Nach dem Rücktritt aus dem ABM-Vertrag beginnen die USA damit, ihre ABM-Fähigkeiten landesweit auszubauen. Dies soll durch schiffsgestützte (SM-3), mobile landgestützte (THAAD/Patriot) und landgestützte (GBI) Raketen mit kinetischen Gefechtsköpfen realisiert werden. In allen Fällen werden die anfliegenden ballistischen Raketen im Weltall zerstört. Das mobile MEADS-System dient dabei als "last-ditch"-System um durchbrechende Raketen zur Not in der Atmosphäre zu zerstören. Weitere Methoden wie weltraumgestützte Abwehr (NFIRE) oder das Abfangen der Rakete in der Startphase (Boeing AL-1) befindet sich noch in der Testphase.

Startende israelische Arrow-Rakete

Russland

Hauptartikel: A-135 ABM-System

Das russische A-135 ABM-System zum Schutz von Moskau und seiner Agglomeration ist weiterhin im Einsatz. Inzwischen sollen die atomaren Gefechtsköpfe der Raketen gegen konventionelle ausgetauscht worden sein. Da das System in den 1980er-Jahren installiert wurde, entspricht es vermutlich dem Stand der Technik dieser Jahre. Über Modernisierungen oder andere Details wurde in der Öffentlichkeit nichts bekannt. Ursprünglich verwendete das System zwei Lenkwaffentypen: Die Exo-Atmosphärischen Abfanglenkwaffen 51T6 (NATO: Gorgon), sowie die Endo-Atmosphärischen Abfanglenkwaffen 53T6 (NATO: Gazelle). Die 51T6 Langstreckenlenkwaffen wurden im Jahr 2003 ausgemustert.

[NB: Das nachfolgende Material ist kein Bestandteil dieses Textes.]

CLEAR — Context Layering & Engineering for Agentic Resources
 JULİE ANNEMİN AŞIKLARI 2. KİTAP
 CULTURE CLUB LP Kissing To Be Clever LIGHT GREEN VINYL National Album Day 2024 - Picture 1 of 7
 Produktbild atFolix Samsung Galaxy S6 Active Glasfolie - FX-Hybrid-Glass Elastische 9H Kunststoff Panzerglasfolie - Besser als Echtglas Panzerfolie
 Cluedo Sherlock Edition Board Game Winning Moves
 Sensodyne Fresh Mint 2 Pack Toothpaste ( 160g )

Auf der taktischen Ebene stehen die Systeme S-300P und S-400 im Einsatz. Für mechanisierte Formationen steht das System S-300V zur Verfügung. Mit diesen Systemen lassen sich ballistische kurz- und mittelstrecken Raketen bekämpfen.

Israel

Hauptartikel: Arrow-Rakete

Mit finanzieller Unterstützung der Vereinigten Staaten entwickelten die Israelis das Arrow Raketenabwehrsystem. Es ist durch seine Mobilität mit dem PATRIOT System vergleichbar, kann aber nur ballistische Raketen angreifen. Es besitzt einen konventionellen Gefechtskopf. Nachdem Langstreckenradare (Green Pine) die anfliegende ballistische Rakete geortet haben, wird eine 2-stufige Arrow-Rakete auf das Ziel abgefeuert. Die Rakete zerstört die angreifende Rakete in ca. 50 km Höhe, also innerhalb der Atmosphäre.

Indien

Indien arbeitet aktiv daran, seine ABM-Fähigkeiten auszubauen. Zu diesem Zweck wurden zum Beispiel israelische Radaranlagen (Green Pine) erworben. Das indische ABM-System beinhaltet zwei Raketen. Ein Exoatmospheric interceptor system (PAD), um Ziele außerhalb der Atmosphäre zu zerstören, und ein Endo Atmpospheric missile system (AAD), das Ziele innerhalb der Atmosphäre zerstört. Das Exoatmospheric interceptor system (PAD) ist eine zweistufige Abfangrakete, mit Flüssig- und Festtreibstoffstufe. Die Reichweite der Rakete (nicht die maximale Höhe) beträgt 80 km, die Reichweite des Ortungsradars 600 km. Die AAD haben eine Reichweite von 25km und werden durch ein phased array radar ins Ziel gelenkt.

Im November 2006 testete Indien erfolgreich sein Exoatmospheric interceptor system (PAD). Es zerstörte eine ballistische Prithvi II-Rakete außerhalb der Atmosphäre mit Hit-to-Kill Technologie. Damit ist Indien nach den USA erst das zweite Land der Welt, das über diese Technologie zur Abwehr ballistischer Raketen verfügt.